29/01/2020 às 19:14.
Atualizado em 27/10/2021 às 02:28

Impossível falar de futebol – mesmo após a segunda vitória do Cabuloso no Mineiro, graças à garotada – em uma semana na qual dezenas de cidades do Estado, especialmente da Grande BH, são devastadas por tempestades de força e volumes inéditos. Efeito inegável do aquecimento global, têm dito. E não há como discordar.

O registro é de mais de 900 milímetros de chuvas na região de Belo Horizonte apenas em janeiro – maior quantidade para o mês em toda a história. Para se ter ideia do que isso significa, basta dizer que a própria capital recebe, em média, cerca de 1.600 milímetros de chuva no ano inteiro. Ou seja, antes dos primeiros 30 dias deste 2020, o céu já despejou 60% de toda essa água sobre nossas cabeças.

Ainda a título de comparação: em Nova York, onde costuma chover “cats and dogs” (expressão inglesa pra descrever temporais), o volume médio anual de chuva fica em torno de 1.700 milímetros. Nosso janeiro, amigos, já cobriu bem mais da metade disso...

Vale lembrar ainda que a cidade pode até ter sido bem planejada. Mas isso valeu para os padrões da passagem do século XIX para o XX, não para os de hoje. As décadas avançaram, a população se multiplicou exponencialmente, até os mais de 2,5 milhões de habitantes atuais, e aquele projeto então moderno e arrojado de Aarão Reis tornou-se tristemente obsoleto.

Sem falar nos inúmeros córregos e ribeirões que cruzam o território de BH – o que poderia até ser visto como algo positivo anos atrás, não agora – e tiveram de ser domados, contidos, canalizados, encobertos, escondidos. Tudo isso enquanto a metrópole se expandia, vertical, horizontal e aceleradamente, e parecia preocupar-se mais em suprimir cada pedacinho de solo permeável que continha, em vez de ampliar áreas verdes que pudessem impedir tamanhas catástrofes.

O resultado, todos vimos. Alagamentos de proporções quase bíblicas em todos os cantos, levando sofrimento a pobres e ricos – não “indistintamente”, por óbvio.
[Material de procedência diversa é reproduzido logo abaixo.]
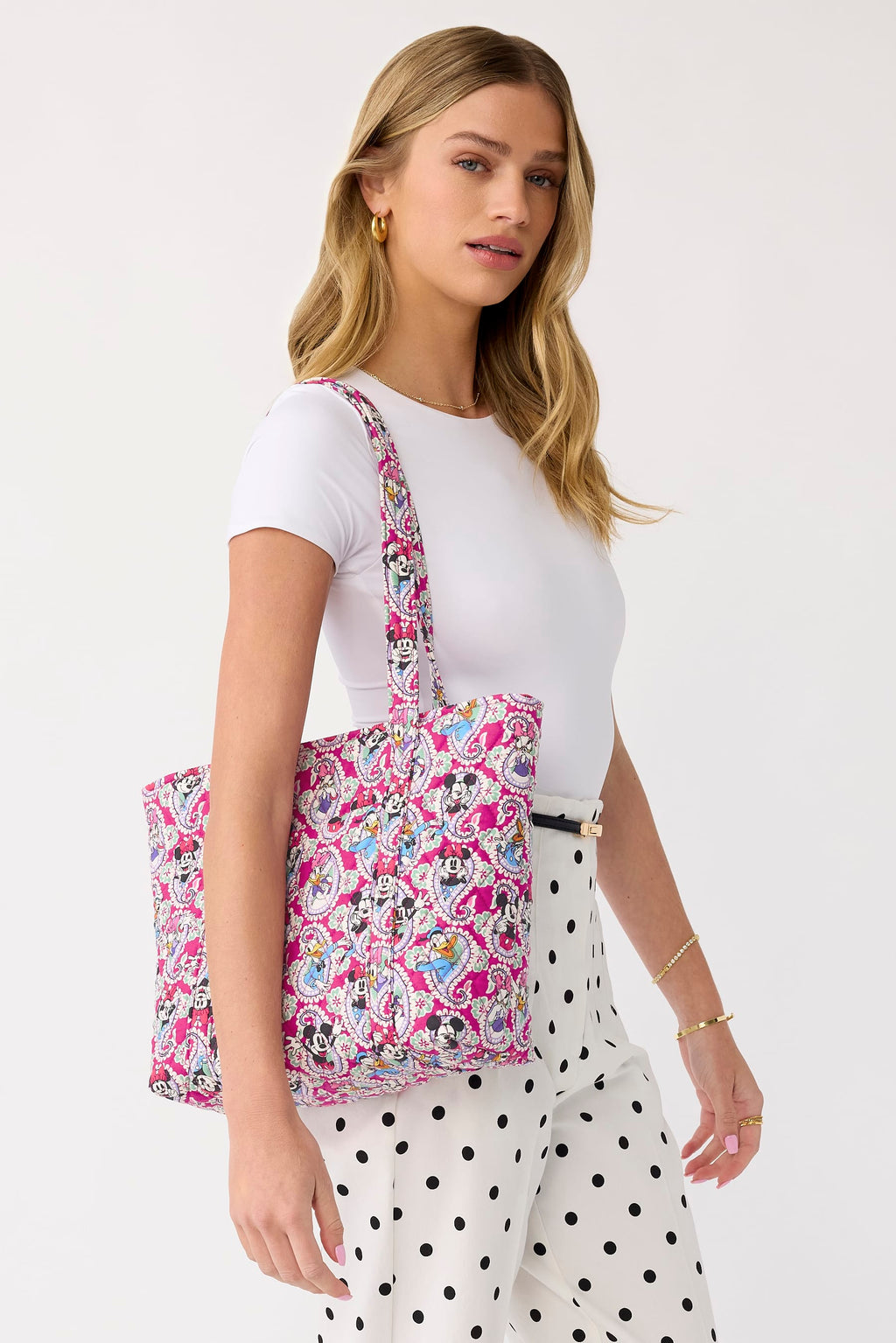 Disney Small Vera Tote - Playful Mickey and Friends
Afinal, nas vilas e favelas e em outras regiões menos favorecidas houve também mortos e feridos. Famílias inteiras pereceram diante da falta de uma infraestrutura urbana decente que pudesse acolhê-las.
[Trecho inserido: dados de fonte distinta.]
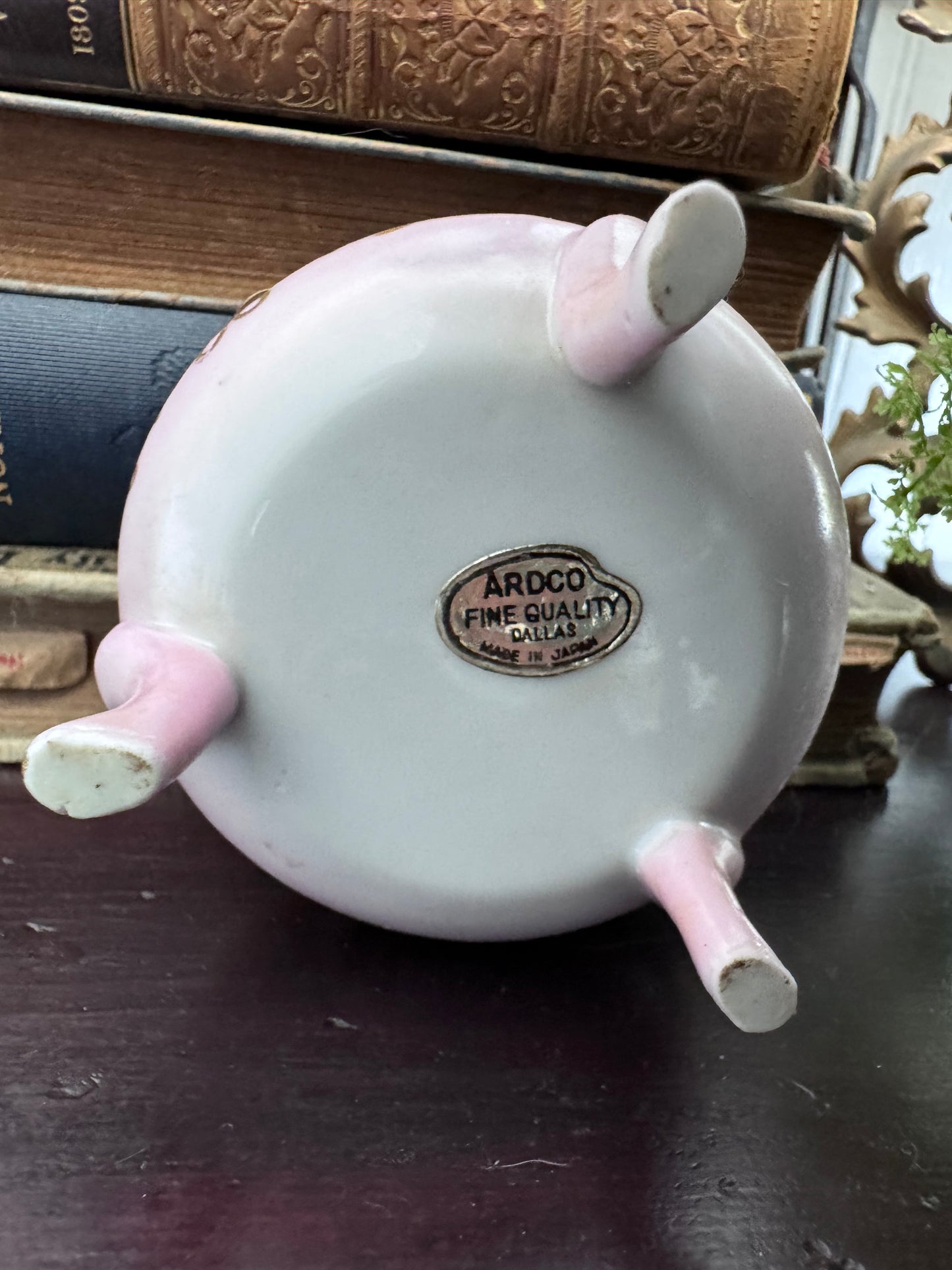 Porcelain Trinket Box with Legs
Já na região Centro-Sul, afora o asfalto revolvido no chão como folha de papel, em ruas charmosas de Lourdes e adjacências, o que mais se viu foram automóveis novos ou seminovos enlameados e batidos, espalhados em um cenário de guerra. Além disso, restaurantes e bares sofisticados, lojas de grife e garagens de prédios chiques também foram severamente atingidos, aos olhos estupefatos de moradores e visitantes que jamais imaginaram que presenciariam aquilo.

Ao ver o enorme empenho das autoridades para mitigar os estragos nos bairros de classe média e alta, imaginei, num exercício singelo de fé no ser humano, um personagem fictício, mas plausível: um gari, morador da Vila Bernadete, no Barreiro, onde, poucos dias antes, outra chuva forte destruiu casas e matou gente.

Agora, ele estaria ali, na rua Marília de Dirceu, junto a dezenas de colegas auxiliados por máquinas pesadas e caminhões, dando seu suor para deixar limpa, o mais rápido possível, uma das partes nobres da cidade.

Não se importava, tenho certeza, com o fato de que, lá no seu bairro, apesar de a calamidade ter sido bem maior – em vários sentidos –, a mobilização sequer chegara aos pés daquela de que participava.